Black Shucks and boggarts and sirens, on the other hand…
Not to mention the heavy weight of worry for her sister.
It was taking its toll. Her hip was not the only part of her that needed a rest. And nothing was more restful, more soothing, than deadheading hydrangeas, murmuring to bumblebees, scolding slugs.
She filled a basket with rosemary, another with mint.
Three more with roses, foxgloves, and stalks of lavender.
She harvested dandelion heads for wine, the purple thistle nearby catching its spikes in her hair and pulling.
“Rude.” She reached for her trowel. “We talked about this,” she murmured to the thistle, before gently prying its roots loose.
“I don’t believe in weeds—all plants have a purpose—but you grow too fast and too strong for this little patch. You’re a bit of a bully, you know.”
She carried it to the edge of the garden, just on the other side of the low stone wall. It took only a few minutes to dig a hole and plant it in its new spot. “There. Try to be more polite.”
A shadow fell over her.
She glanced up, a tall, dark figure blocking out the sun. She stumbled back onto her bottom, skin prickling with fear before she recognized the slant of the jaw, the muscled forearm tattooed with an anchor. The silver rings.
“Mr. Swansea.”
He narrowed his dark, fathomless eyes at her. The prickle of fear turned into a thrill. “Miss Foxglove,” he returned pointedly.
Oh. He had been right to be cross when she called him Mr. Swansea. She did not care for it at all either. It was formal and polite and not at all Dragon. The pointed lift of his eyebrow was entirely of the Dragon, however. As was his presence, looming over her.
Also, the blood on his chest, the deep scratches on his left hand.
She shot to her feet, scowling. “You’re wounded!”
He shrugged. “It’s nothing.”
“You’re bleeding on my hydrangeas,” Briar pointed out. “So it’s not nothing. Come with me.”
When she grabbed his hand and pulled him into the garden, he let her.
She led him to a table and hurried off to fetch water and the basket of supplies she kept under the counter.
Matthias was busy charming three elderly ladies who were suddenly in desperate need of lemon possets and bergamot tea and pink flummery.
“What happened to you?” Briar demanded of Ethan when she returned. He was sprawled in the sun very like a pirate king on a throne. Except for the pink forget-me-nots around his boots. They danced on their green stalks. “Where did you go?”
“I needed kelpie teeth and more mermaid hair.” He shot her an accusatory sidelong glance. “Someone stole mine.”

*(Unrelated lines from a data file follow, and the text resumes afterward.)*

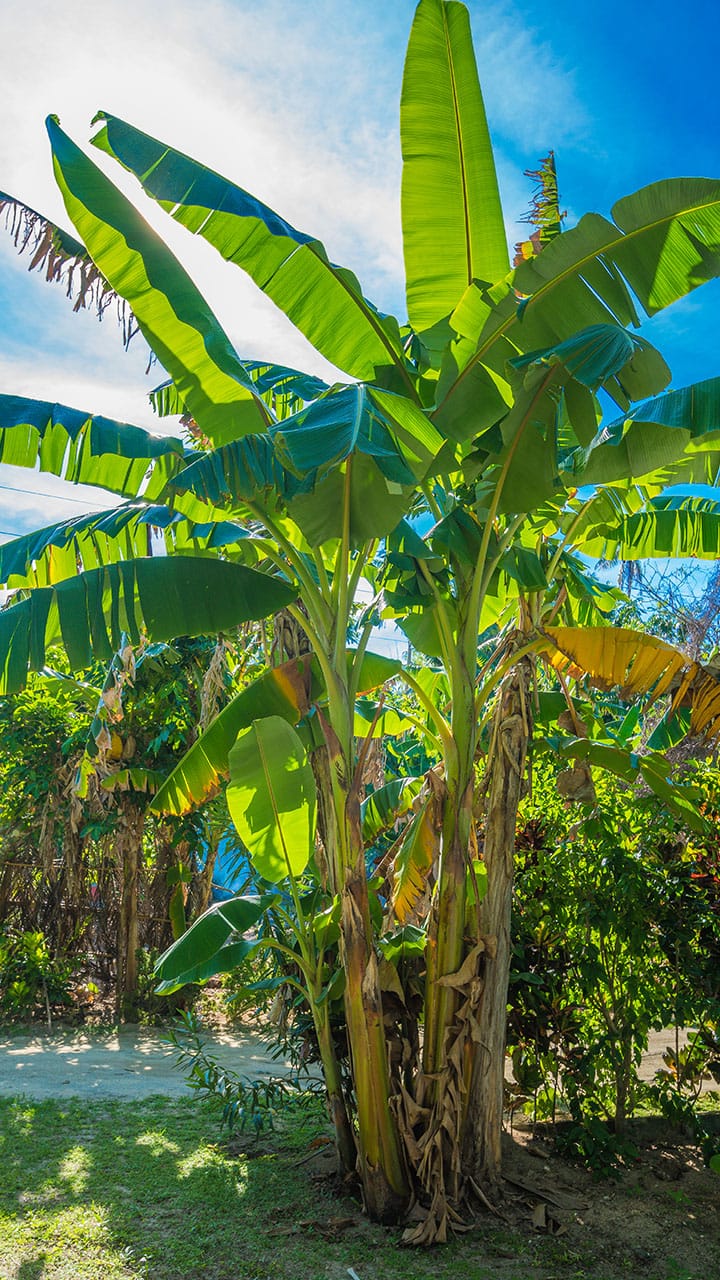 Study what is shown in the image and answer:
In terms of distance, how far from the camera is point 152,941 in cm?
1113

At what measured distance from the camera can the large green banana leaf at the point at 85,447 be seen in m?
4.62

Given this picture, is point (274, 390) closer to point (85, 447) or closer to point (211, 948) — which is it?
point (85, 447)

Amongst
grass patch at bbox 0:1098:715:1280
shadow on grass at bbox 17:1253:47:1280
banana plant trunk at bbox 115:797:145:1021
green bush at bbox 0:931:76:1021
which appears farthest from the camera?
banana plant trunk at bbox 115:797:145:1021

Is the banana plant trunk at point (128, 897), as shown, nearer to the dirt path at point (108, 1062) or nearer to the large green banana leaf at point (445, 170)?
the dirt path at point (108, 1062)

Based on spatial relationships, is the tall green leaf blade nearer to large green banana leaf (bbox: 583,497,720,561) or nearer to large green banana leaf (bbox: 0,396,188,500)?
large green banana leaf (bbox: 0,396,188,500)

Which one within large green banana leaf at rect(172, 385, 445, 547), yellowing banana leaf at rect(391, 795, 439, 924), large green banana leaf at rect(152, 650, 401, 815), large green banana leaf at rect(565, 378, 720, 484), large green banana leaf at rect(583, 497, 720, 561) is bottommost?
yellowing banana leaf at rect(391, 795, 439, 924)

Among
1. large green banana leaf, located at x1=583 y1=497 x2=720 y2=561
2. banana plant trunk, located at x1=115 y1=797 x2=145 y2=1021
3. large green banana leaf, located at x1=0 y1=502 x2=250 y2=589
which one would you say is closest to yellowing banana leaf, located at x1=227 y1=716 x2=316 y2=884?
large green banana leaf, located at x1=0 y1=502 x2=250 y2=589

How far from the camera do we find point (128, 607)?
15.5ft

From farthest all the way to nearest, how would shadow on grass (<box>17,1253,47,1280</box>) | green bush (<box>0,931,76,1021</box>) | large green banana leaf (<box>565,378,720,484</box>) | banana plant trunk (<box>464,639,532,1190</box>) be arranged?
green bush (<box>0,931,76,1021</box>) → banana plant trunk (<box>464,639,532,1190</box>) → large green banana leaf (<box>565,378,720,484</box>) → shadow on grass (<box>17,1253,47,1280</box>)

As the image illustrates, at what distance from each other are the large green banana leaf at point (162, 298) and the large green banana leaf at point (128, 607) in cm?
83

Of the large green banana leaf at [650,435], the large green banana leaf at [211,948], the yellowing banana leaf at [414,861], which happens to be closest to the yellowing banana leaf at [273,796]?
the large green banana leaf at [211,948]

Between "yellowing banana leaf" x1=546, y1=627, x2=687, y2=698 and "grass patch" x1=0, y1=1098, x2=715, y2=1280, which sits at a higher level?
"yellowing banana leaf" x1=546, y1=627, x2=687, y2=698

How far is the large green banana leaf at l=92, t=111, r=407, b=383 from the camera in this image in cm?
411

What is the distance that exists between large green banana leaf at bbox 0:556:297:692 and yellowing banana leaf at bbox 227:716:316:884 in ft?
2.35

Briar shrugged, very much as he had shrugged. “I needed it.”
He pulled a small glass bottle from his pocket and handed it to her. Inside curled a shimmering strand of seaweed-dark hair. It felt like a posy of wildflowers. A song sung outside her window under the full moon. Calm down, Briar.
“Thank you,” she said. “I’ll keep my hands to myself, then.”
He frowned. “Let’s not get drastic.”
A laugh bubbled out of her. How she could laugh when he sat glowering and covered in blood after having done only the gods-knew-what? Right after leaving her bed before the sun.
“Did you find out who sent the grimsong?” she asked.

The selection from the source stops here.